## [Data to use]
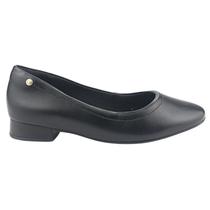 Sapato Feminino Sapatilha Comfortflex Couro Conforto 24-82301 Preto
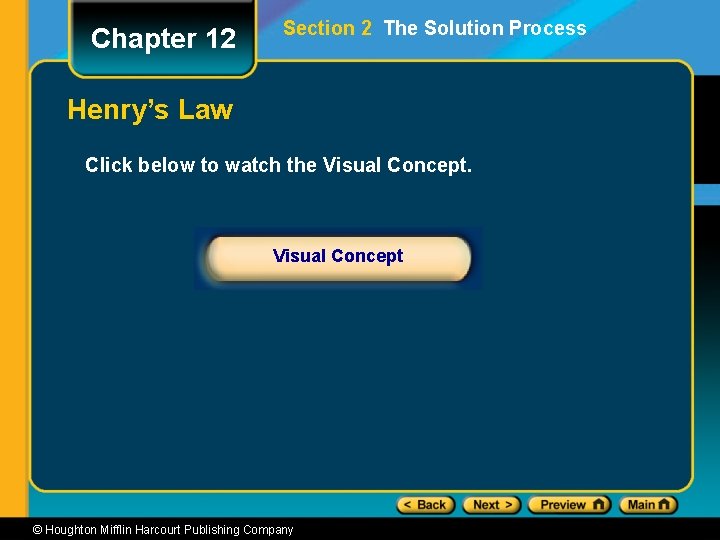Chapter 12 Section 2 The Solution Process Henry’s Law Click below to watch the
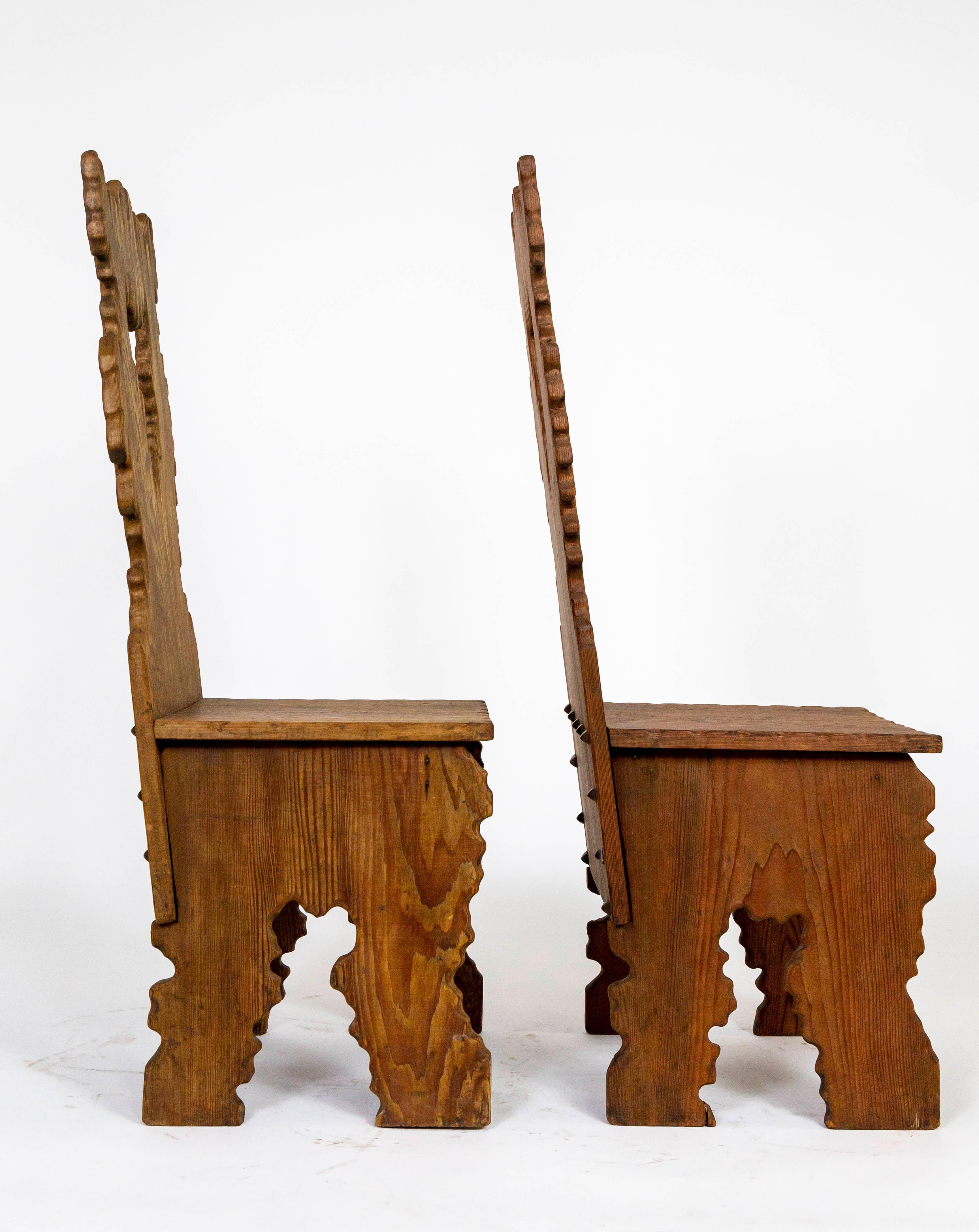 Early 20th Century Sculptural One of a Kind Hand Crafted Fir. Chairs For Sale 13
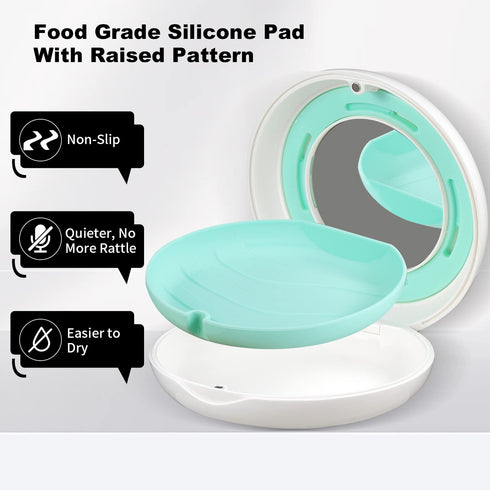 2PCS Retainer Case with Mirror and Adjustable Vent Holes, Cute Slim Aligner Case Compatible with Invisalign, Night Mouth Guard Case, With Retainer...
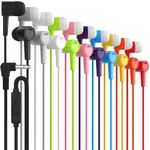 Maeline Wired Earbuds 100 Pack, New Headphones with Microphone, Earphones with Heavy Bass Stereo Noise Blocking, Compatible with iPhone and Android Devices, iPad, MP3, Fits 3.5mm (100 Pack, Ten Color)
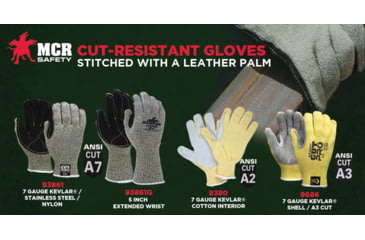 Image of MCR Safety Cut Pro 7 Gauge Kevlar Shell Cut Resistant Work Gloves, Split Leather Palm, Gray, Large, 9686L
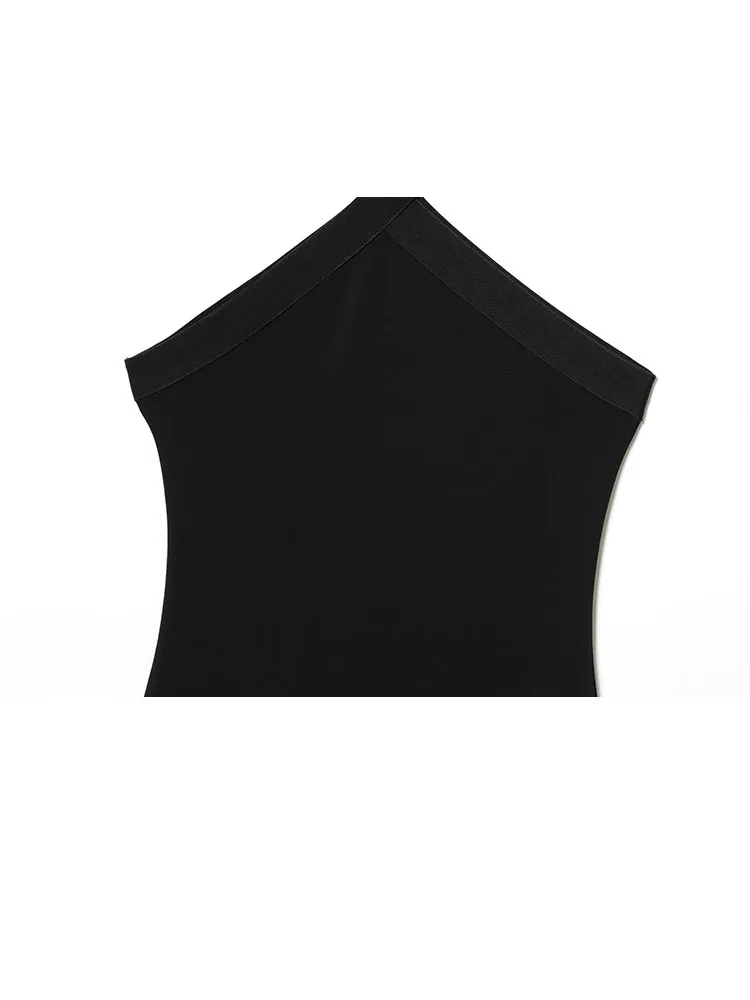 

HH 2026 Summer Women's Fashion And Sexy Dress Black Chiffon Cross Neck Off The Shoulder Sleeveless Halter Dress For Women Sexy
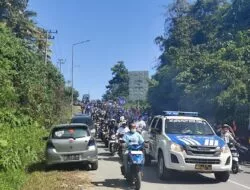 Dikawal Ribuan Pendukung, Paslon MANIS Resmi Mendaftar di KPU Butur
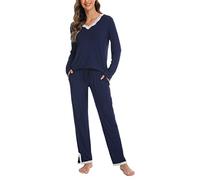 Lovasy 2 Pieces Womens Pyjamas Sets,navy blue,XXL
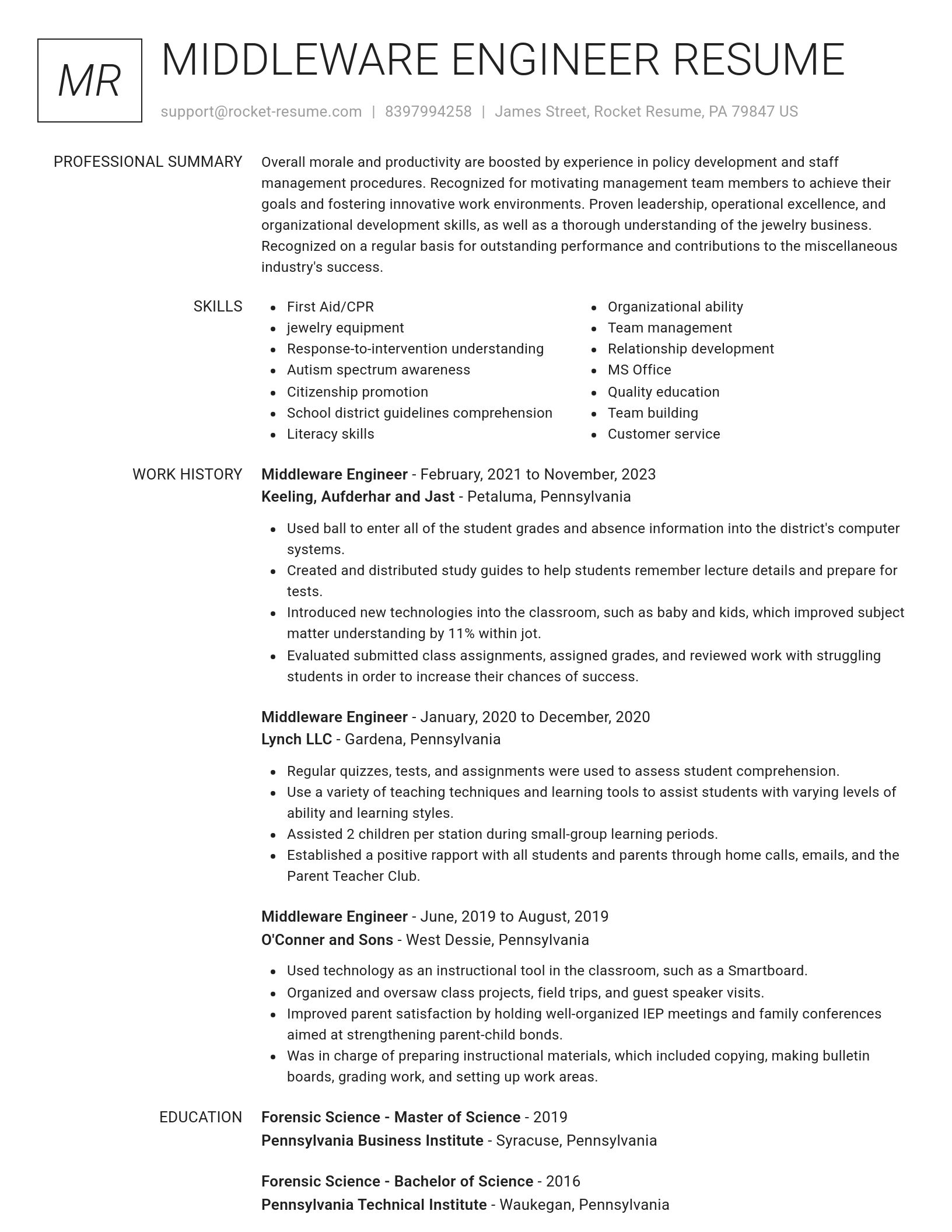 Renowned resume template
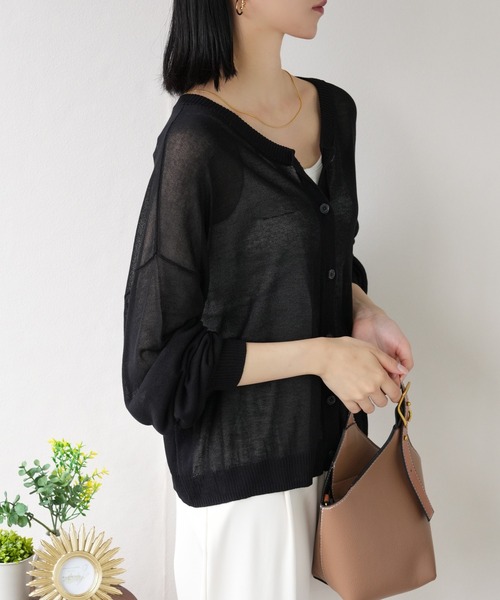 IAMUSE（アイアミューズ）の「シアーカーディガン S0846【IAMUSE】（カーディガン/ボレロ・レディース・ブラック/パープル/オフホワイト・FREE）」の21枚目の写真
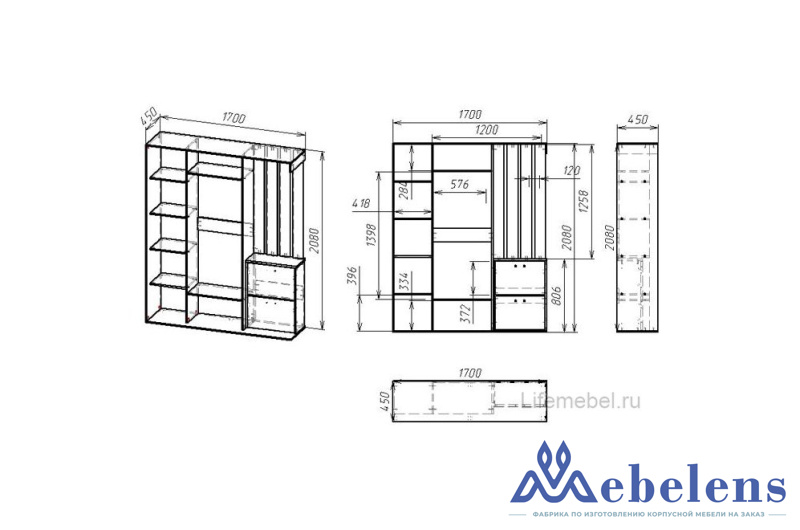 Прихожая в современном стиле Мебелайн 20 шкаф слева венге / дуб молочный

## [Problem to work on]
Set down the entries exactly as they appear, with every picture left out.

## [Answer box]
 Sapato Feminino Sapatilha Comfortflex Couro Conforto 24-82301 Preto
Chapter 12 Section 2 The Solution Process Henry’s Law Click below to watch the
 Early 20th Century Sculptural One of a Kind Hand Crafted Fir. Chairs For Sale 13
 2PCS Retainer Case with Mirror and Adjustable Vent Holes, Cute Slim Aligner Case Compatible with Invisalign, Night Mouth Guard Case, With Retainer...
 Maeline Wired Earbuds 100 Pack, New Headphones with Microphone, Earphones with Heavy Bass Stereo Noise Blocking, Compatible with iPhone and Android Devices, iPad, MP3, Fits 3.5mm (100 Pack, Ten Color)
 Image of MCR Safety Cut Pro 7 Gauge Kevlar Shell Cut Resistant Work Gloves, Split Leather Palm, Gray, Large, 9686L

HH 2026 Summer Women's Fashion And Sexy Dress Black Chiffon Cross Neck Off The Shoulder Sleeveless Halter Dress For Women Sexy
 Dikawal Ribuan Pendukung, Paslon MANIS Resmi Mendaftar di KPU Butur
 Lovasy 2 Pieces Womens Pyjamas Sets,navy blue,XXL
 Renowned resume template
 IAMUSE（アイアミューズ）の「シアーカーディガン S0846【IAMUSE】（カーディガン/ボレロ・レディース・ブラック/パープル/オフホワイト・FREE）」の21枚目の写真
 Прихожая в современном стиле Мебелайн 20 шкаф слева венге / дуб молочный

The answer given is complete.